The next thing I noticed was the map.  The ‘Mish’, as it was known, was the Framlingham Aboriginal Mission Station, and Lowe shows its proximity to the Hopkins River and the bush, places where he spent many happy hours as a child, learning from his elders how to skittle rabbits with a nulla-nulla, to catch fish or eels with a spear, to make boomerangs, and to take care during control burning every year.  The symbols on his map show how close members of these extended families were to each other on their small farms, which made it all the more poignant when there were attempts to force them off the property in the 1950s.  Lowe himself found it difficult to make the transition when he was induced to live in town (nearby Warrnambool) especially when the promised house turned out to be a small flat with no yard for his two small children to play in.

He doesn’t labour the point – indeed, this memoir is remarkable for its restraint – but there are reminders of the overt racism which was commonplace in Australia in the 50s and 60s.  There was a ‘boundary’ in the town, which no Aborigine dared to cross; there was having to wait until all the ‘whites’ had been served in shops or picture theatres; there were separate entrances as well.  The police and welfare were vigilant when it came to removing children from their homes, but disinterested in protecting Aboriginal teenage girls from routine sexual assaults by ‘gubbahs’ coming into the Mish looking for young girls.  Most shocking of all is the oral history, passed on within his family from mother to daughter, which tells of the indigenous people poisoned with porridge near Killarney and the massacres near Yambuk and Tower Hill when these areas were frontier territory.

I think what will stay with me from my reading of this book is a sense of respect for its author, a man who has every reason to feel bitter, but doesn’t.   You might like to read Lowe’s inspiring story at the Victorian Human Rights Commission ‘Deadly People and their Stories ‘ website.

Robert Lowe won the 2001 David Unaipon Award for Unpublished Indigenous Writing for this book, but it’s now out-of-print.

© Lisa Hill

Author: Robert Lowe
Title: The Mish
Publisher: University of Queensland Press, 2002
ISBN: 0702233277
Source: Personal library

Availability: limited
Try Fishpond, it’s listed there (The Mish: Childhood Memories of Framlingham Aboriginal Station) but unavailable.
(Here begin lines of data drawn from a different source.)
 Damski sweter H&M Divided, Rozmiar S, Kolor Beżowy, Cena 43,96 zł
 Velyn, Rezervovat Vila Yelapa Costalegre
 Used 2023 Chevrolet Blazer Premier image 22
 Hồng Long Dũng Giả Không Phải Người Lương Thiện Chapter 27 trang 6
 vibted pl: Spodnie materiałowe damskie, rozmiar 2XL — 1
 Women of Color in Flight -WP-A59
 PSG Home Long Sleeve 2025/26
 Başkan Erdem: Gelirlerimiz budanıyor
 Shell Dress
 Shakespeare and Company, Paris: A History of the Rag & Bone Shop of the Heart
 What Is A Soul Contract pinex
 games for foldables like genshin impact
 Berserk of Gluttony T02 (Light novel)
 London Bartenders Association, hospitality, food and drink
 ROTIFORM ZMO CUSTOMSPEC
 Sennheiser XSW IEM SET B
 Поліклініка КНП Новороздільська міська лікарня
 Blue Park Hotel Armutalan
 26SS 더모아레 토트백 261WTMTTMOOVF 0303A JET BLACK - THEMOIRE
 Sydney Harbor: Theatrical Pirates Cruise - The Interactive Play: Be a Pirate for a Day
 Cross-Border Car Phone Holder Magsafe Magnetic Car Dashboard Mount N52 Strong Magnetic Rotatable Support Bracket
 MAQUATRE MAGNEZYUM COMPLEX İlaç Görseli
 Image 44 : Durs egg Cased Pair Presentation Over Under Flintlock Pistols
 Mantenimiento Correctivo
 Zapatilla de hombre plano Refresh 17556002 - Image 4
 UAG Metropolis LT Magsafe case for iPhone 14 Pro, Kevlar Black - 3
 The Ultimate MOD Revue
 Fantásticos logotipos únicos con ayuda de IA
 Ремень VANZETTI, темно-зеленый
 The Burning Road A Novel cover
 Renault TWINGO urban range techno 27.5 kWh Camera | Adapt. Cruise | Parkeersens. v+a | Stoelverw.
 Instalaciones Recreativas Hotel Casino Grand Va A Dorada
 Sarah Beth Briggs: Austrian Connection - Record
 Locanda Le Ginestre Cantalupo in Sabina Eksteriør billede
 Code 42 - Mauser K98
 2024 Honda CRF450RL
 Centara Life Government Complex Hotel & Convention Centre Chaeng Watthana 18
Maybe they will get it in if you ask, or maybe a 2nd hand copy will turn up there or at Brotherhood Books.


Responses

  1. There are quite a large number of these stories aren’t there. Whatever country was colonised the indigenous people seemed to have the same experiences – all rather harrowing.

    Thanks for visiting my site over the year and leaving comments – all much appreciated. You continue to provide a unique insight into the culture of “down-under”!

    Like

    • Thanks, Tom – I love the international community forged by the world of blogdom!
      Re the book: Many of such books are misery memoirs (the Irish are good at this too) and are rather depressing, but this one isn’t. Even though bad things happened, they haven’t dampened the author’s spirit or his sense of humour. He got into plenty of mischief as a lad and most of his childhood memories are rollicking tales of fun and laughter.

      Like

  2. Very early in my blog I reviewed Maybe tomorrow by indigenous writer and educator Boori Monty Pryor and one of the comments I made was that the book was a treasure because despite the tragedies his family had faced he preaches reconciliation and mutual respect. I notice that he has recently, with Alison Lester (I think) been named Australia’s first Children’s Laureate.

    People like Pryor and Lowe are impressive people.